Compositore franco-fiammingo. Scarse e non sempre
certe le notizie biografiche riguardanti questo compositore, che fu tra i
più celebrati del suo tempo. Assunto nel 1459 come
biscantator
(cantore di musica polifonica) nel duomo di Milano, nel 1472 entrò a far
parte dei cantori della cappella del duca Giangaleazzo Maria Sforza. Dal 1486 al
1494 appartenne alla cappella pontificia e in seguito (1499-1504) si
trasferì a Ferrara presso la corte del duca Ercole I d'Este, mantenendo
tuttavia rapporti stabili anche con la corte di Francia.

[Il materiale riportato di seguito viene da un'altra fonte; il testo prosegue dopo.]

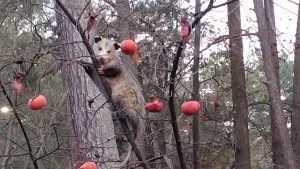 Opossum on a Persimmon tree Image by Lucy Bradley CC-BY-NC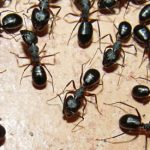 Get Rid of Ants Naturally In Kitchen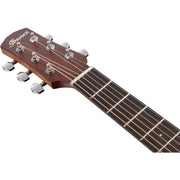 Ibanez AAM54CE Advanced Acoustic Series Acoustic Electric, Open Pore Natural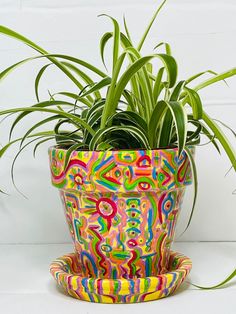 a potted plant sitting on top of a white table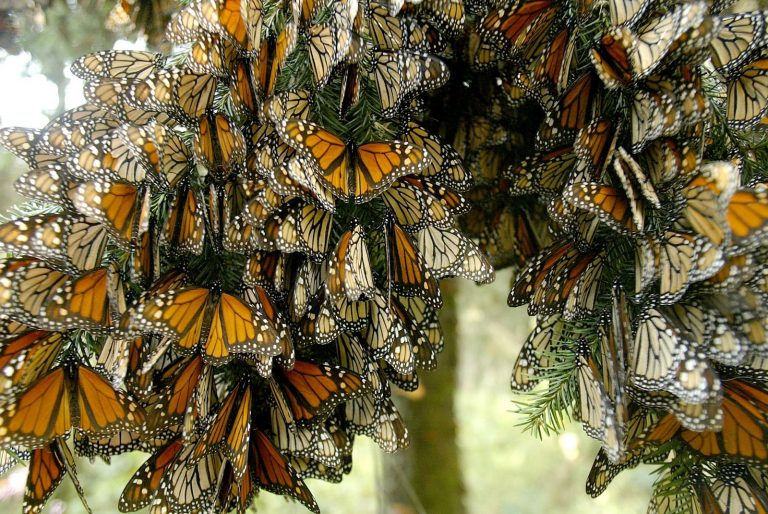 Santuario de la mariposa monarca: Todo lo que debes saber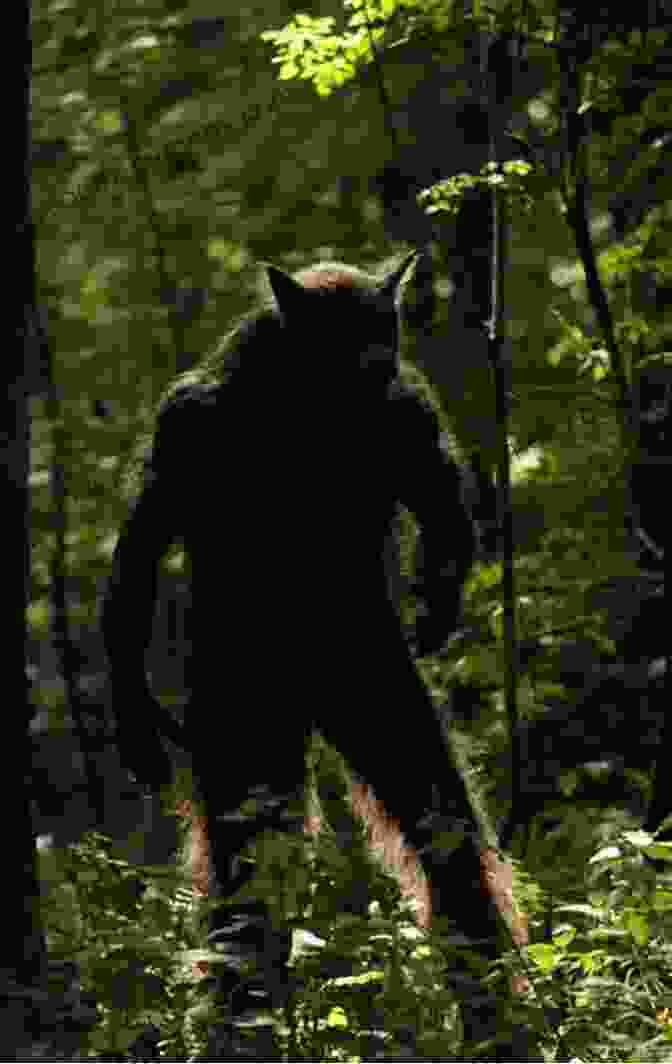 Photo Of The Dogman Creature A Dogman Encounter Mostyn Heilmannovsky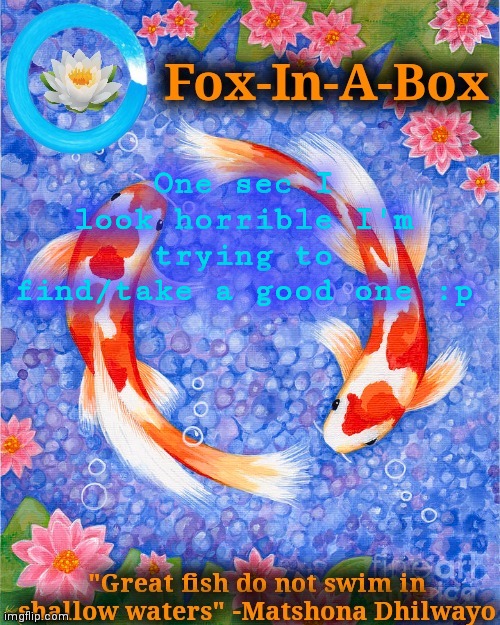 One sec I look horrible I'm trying to find/take a good one :p | image tagged in fox-in-a-box fish temp | made w/ Imgflip meme maker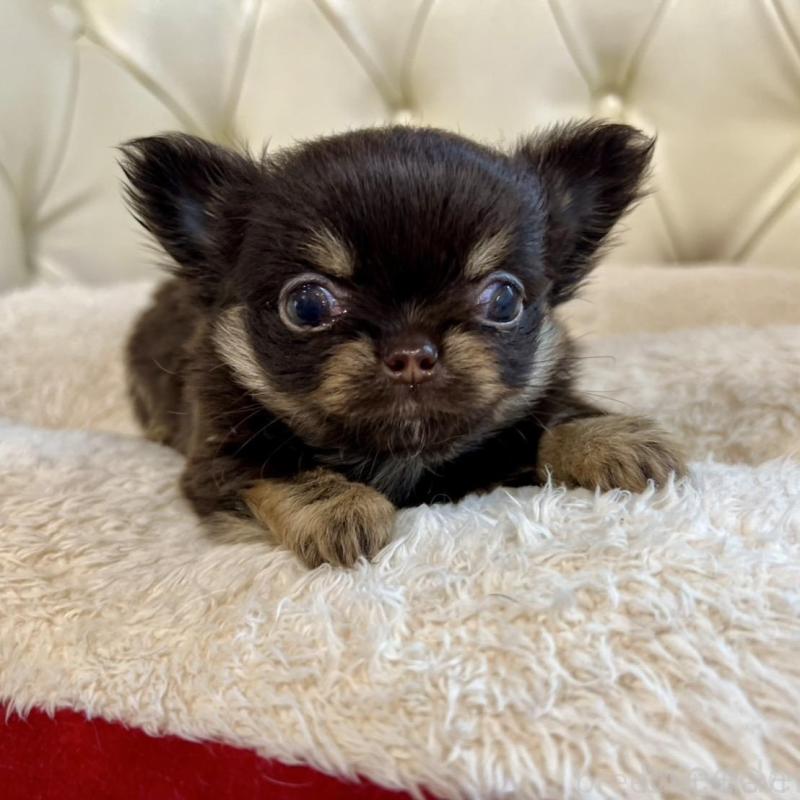 販売中の香川県のチワワ(ロングコート)-428300の13枚目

Morto il duca d'Este,
D. si stabilì in Francia presso la corte di Luigi XII, rimanendovi
fino al 1515. Successivamente fu nominato canonico di Santa Gudula a Bruxelles e
decano della collegiata di Condé-sur-l'Escaut. Definito dai suoi
contemporanei
princeps musicorum, ebbe grande fama per tutto il '500 e
gran parte del '600. Delle sue opere, che ebbero vasta diffusione in manoscritti
e in raccolte a stampa, ci sono pervenute 20 messe in versione integrale, alcuni
frammenti di altre messe, 90 mottetti, alcuni inni e salmi, più di 30
composizioni profane. La musica di
D. rappresenta una sintesi perfetta
tra la tecnica contrappuntistica fiamminga e il gusto italiano per l'armonia. Le
sue composizioni, infatti, staccandosi dagli schemi della polifonia del
Quattrocento, si basano su nuove concezioni strutturali quali il gioco dei
contrasti, l'utilizzo delle imitazioni e delle progressioni, la creazione di
melodie modellate sul significato delle parole. Quest'ultimo elemento, in
particolare, fa di
D. un precursore della musica rinascimentale, in
quanto egli per primo comprese la grande possibilità della musica di
integrare e potenziare il testo letterario per creare nuove sintesi espressive.
Il musicista francese, inoltre operò scambi tecnico-stilistici tra musica
sacra e musica profana: da un lato semplificò i procedimenti
contrappuntistici delle composizioni sacre (dando maggior rilievo alla voce
più acuta e componendo messe su
cantus firmus, tecnica usata nelle
chansons profane), dall'altro potenziò l'impianto polifonico delle
composizioni profane componendo mottetti e
chansons anche a 6 voci.
Innovativo fu anche l'utilizzo che
D. fece del
tenor nel
cantus
firmus. Egli, infatti, ridusse progressivamente la funzione del
tenor, affidando, invece, l'esecuzione del
cantus firmus a tutte
le voci a turno, così da ottenere una maggiore varietà
ritmico-metrica. Delle numerose opere di
D. ricordiamo: le messe
La
sol fa re mi,
L'homme armé,
Gaudeamus,
Pange
lingua; i mottetti
Ave Maria...virgo serena,
Huc me sydereo
descendere iussit Olympo; lo scherzo
Memor esto verbi tui; il canone
Qui habitat in adjutorio Altissimi (Beaurevoir, Piccardia 1440 circa -
Condé-sur-l'Escaut, Valenciennes 1521 o 1527).